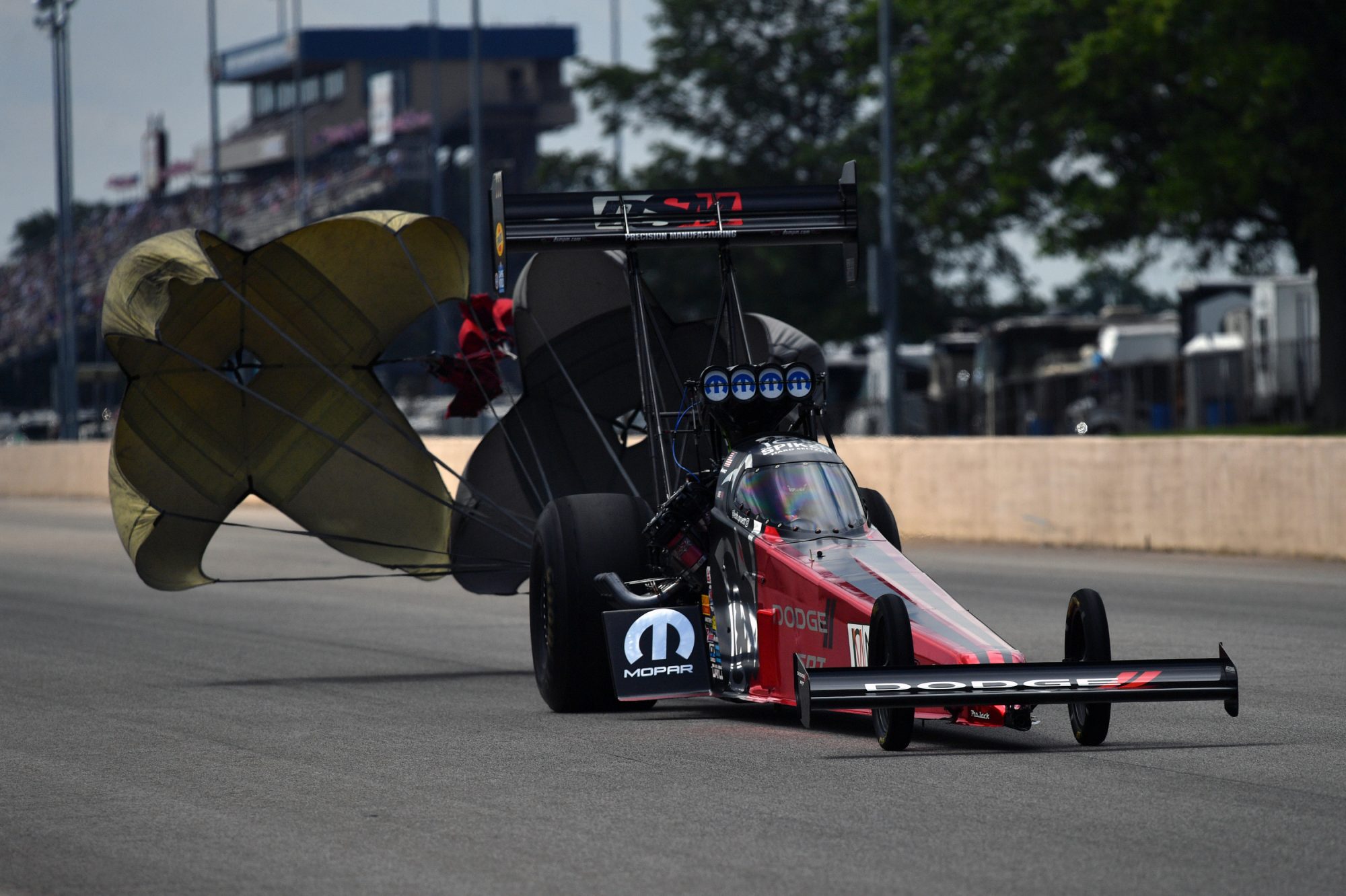 Leah Pruett drag racing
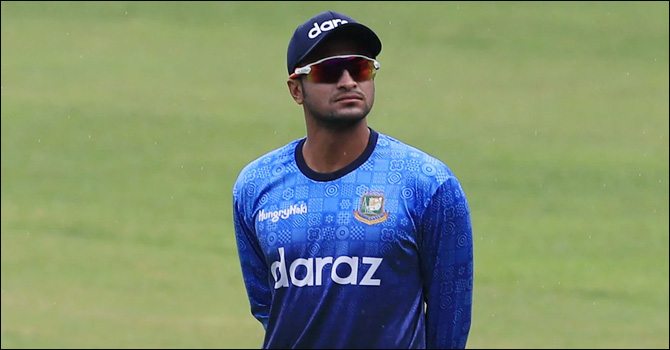 এশিয়া কাপে নয়, পরিবর্তন চোখে পড়বে বিশ্বকাপে: সাকিব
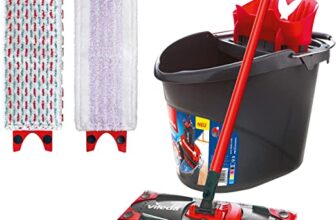 Vileda Ultramax Bodenwischer Komplett Set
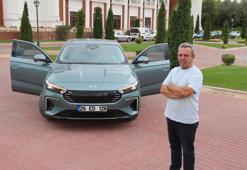 Kentte Togg T10F’i ilk o aldı! Görenleri hayran bıraktı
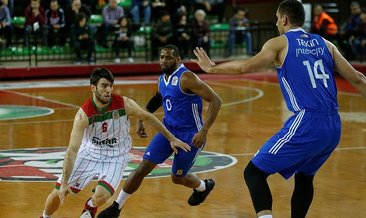 Karşıyaka evinde mağlup
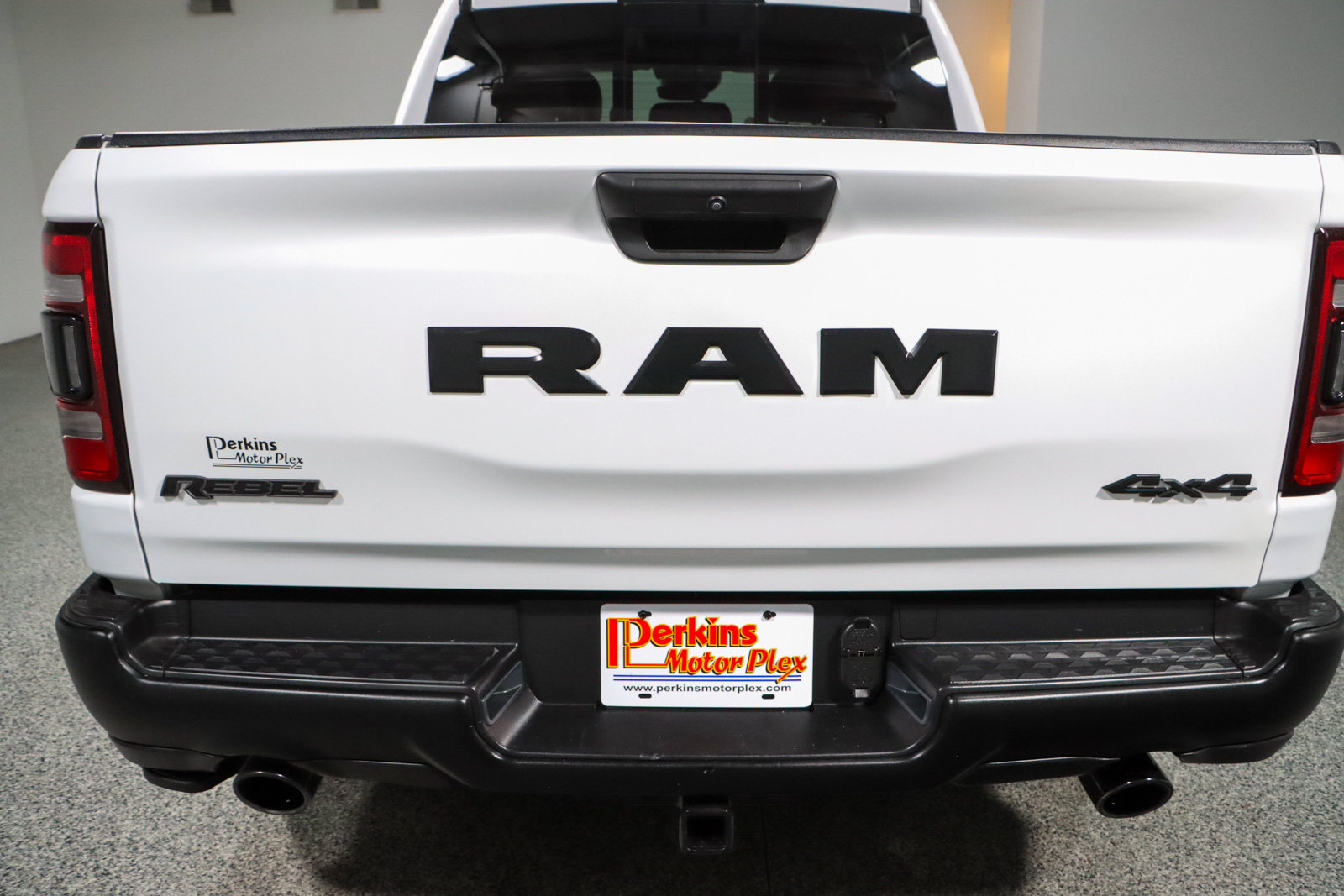Used 2024 RAM 1500 Rebel w/ Rebel Level 1 Equipment Group AWD/4WD image 8
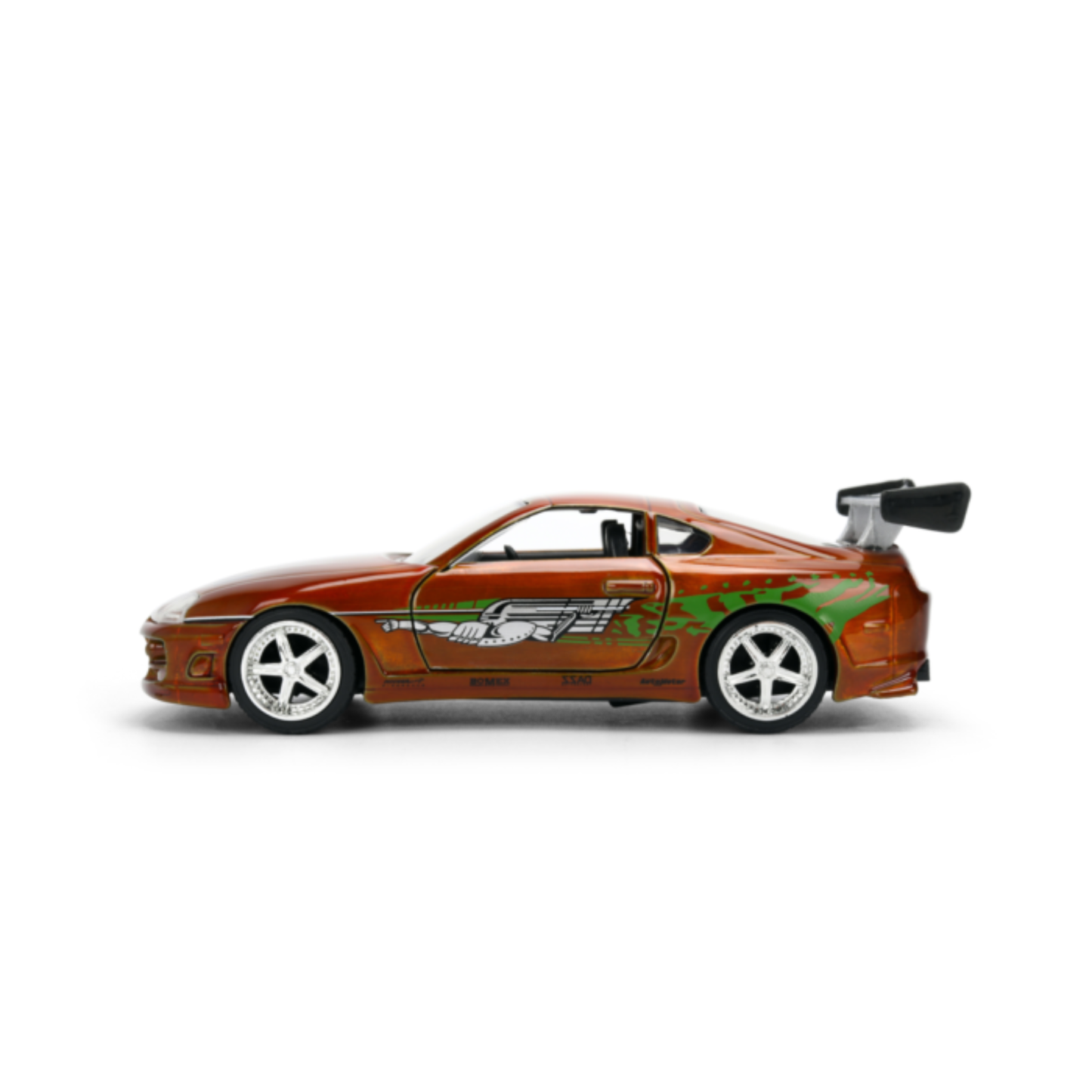 
                  
                    Fast & Furious - 1:32 1995 Toyota Supra Anniversary Diecast Vehicle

-- -- --

**WHAT IS EXPECTED**
Would you return all of the data above word for word, omitting every picture?

**SOLUTION FOR THIS TASK**
 Leah Pruett drag racing
 এশিয়া কাপে নয়, পরিবর্তন চোখে পড়বে বিশ্বকাপে: সাকিব
 Vileda Ultramax Bodenwischer Komplett Set
 Kentte Togg T10F’i ilk o aldı! Görenleri hayran bıraktı
 Karşıyaka evinde mağlup
Used 2024 RAM 1500 Rebel w/ Rebel Level 1 Equipment Group AWD/4WD image 8
                  
                    Fast & Furious - 1:32 1995 Toyota Supra Anniversary Diecast Vehicle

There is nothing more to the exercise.